Sciopero generale - Studenti-Forze dell'ordineCaro ministro Cancellieri,

Ho un figlio di 16 anni. Frequenta il terzo anno del liceo Mamiani di Roma. Adolescente, come tanti di quelli che mercoledì scorso sfilavano nelle strade di Roma e di molte altre città d’Italia. Nel suo liceo, come in tanti altri, protestano, covano rabbia, fanno autogestione, rivendicano futuro, fanno i ragazzi e non mettono la testa sotto la sabbia. Un adolescente normale che odia i blocchetti di porfido, non mette caschi (anche perché non ha motocicletta), fa sport e assemblee. Uno normale.

Si pone domande e attende risposte. Come gli altri 49.950 (su 50mila) che camminavano per Roma (e le centinaia di migliaia di persone in altre città d’Europa) chiedendo scuole migliori, vite migliori, prospettive più giuste.
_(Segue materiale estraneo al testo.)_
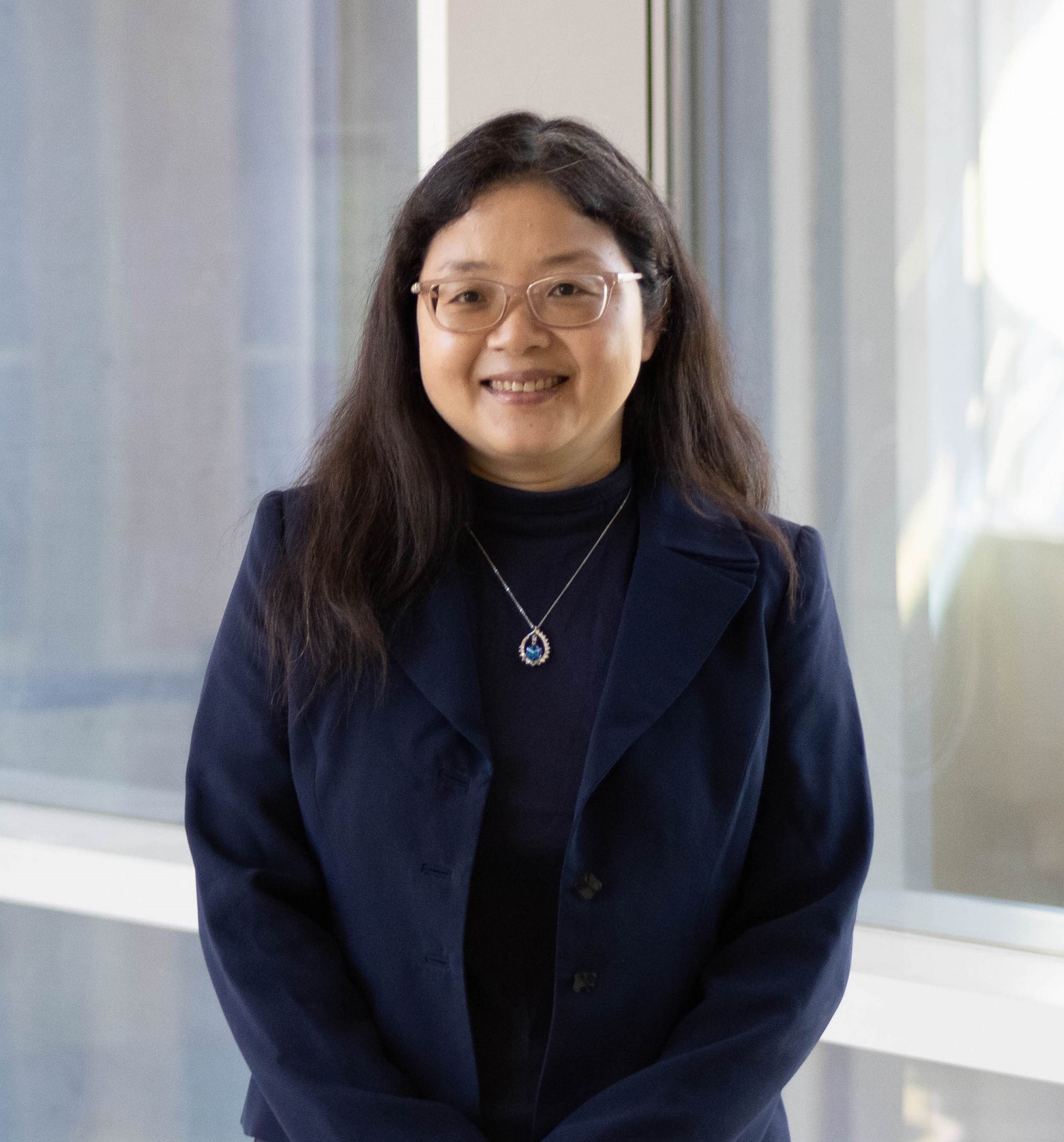 Wei Xu, Ph.D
Ecco, dopo quel che è successo a Roma, lui mi ha chiesto di rispondere a queste due domande che le giro. Perché di sua competenza. Sono semplici, ingenue forse. Ma ineludibili. E lei, sono certo, non farà finta di non sentirle.

La prima: “Perché la polizia si accanisce contro gli studenti? Perché quei poliziotti continuavano a manganellare quei ragazzi che erano già a terra sanguinanti?”.
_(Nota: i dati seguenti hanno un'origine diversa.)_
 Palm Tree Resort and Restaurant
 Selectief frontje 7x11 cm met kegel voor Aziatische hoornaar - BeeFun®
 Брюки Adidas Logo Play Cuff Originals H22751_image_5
La seconda: “Perché questi poliziotti italiani, anziché usare i manganelli come hanno fatto anche quelli spagnoli che hanno colpito anche un ragazzino di 13 anni, non si sono schierati accanto agli studenti come invece è avvenuto in Germania?”.

Insieme ai suoi compagni di scuola, mio figlio era a un centinaio di metri dietro le cariche avvenute sul lungotevere. Accanto a lui anche alcuni suoi prof, intorno a lui migliaia di altri ragazzi come lui. Senza casco e con slogan da gridare. Protesta civile.

La sera del corteo, io facevo il turno di notte nel mio tg, gli ho fatto leggere – per vedere la sua reazione e parlarne con lui – il pezzo scritto da una collega sui fatti avvenuti nel lungotevere e gli ho fatto vedere le immagini. E quelle due domande me le ha fatte mentre guardava con me il servizio.

Certo, “la violenza non è uno strumento di confronto”, ha detto la cancelliera Merkel. E anche lei, ministro, ha ammesso: “Punirò i poliziotti violenti, ma la piazza rispetti la legalità”. Giusto! Ma 50 studenti con i caschi su 50mila senza, non giustificano quelle immagini.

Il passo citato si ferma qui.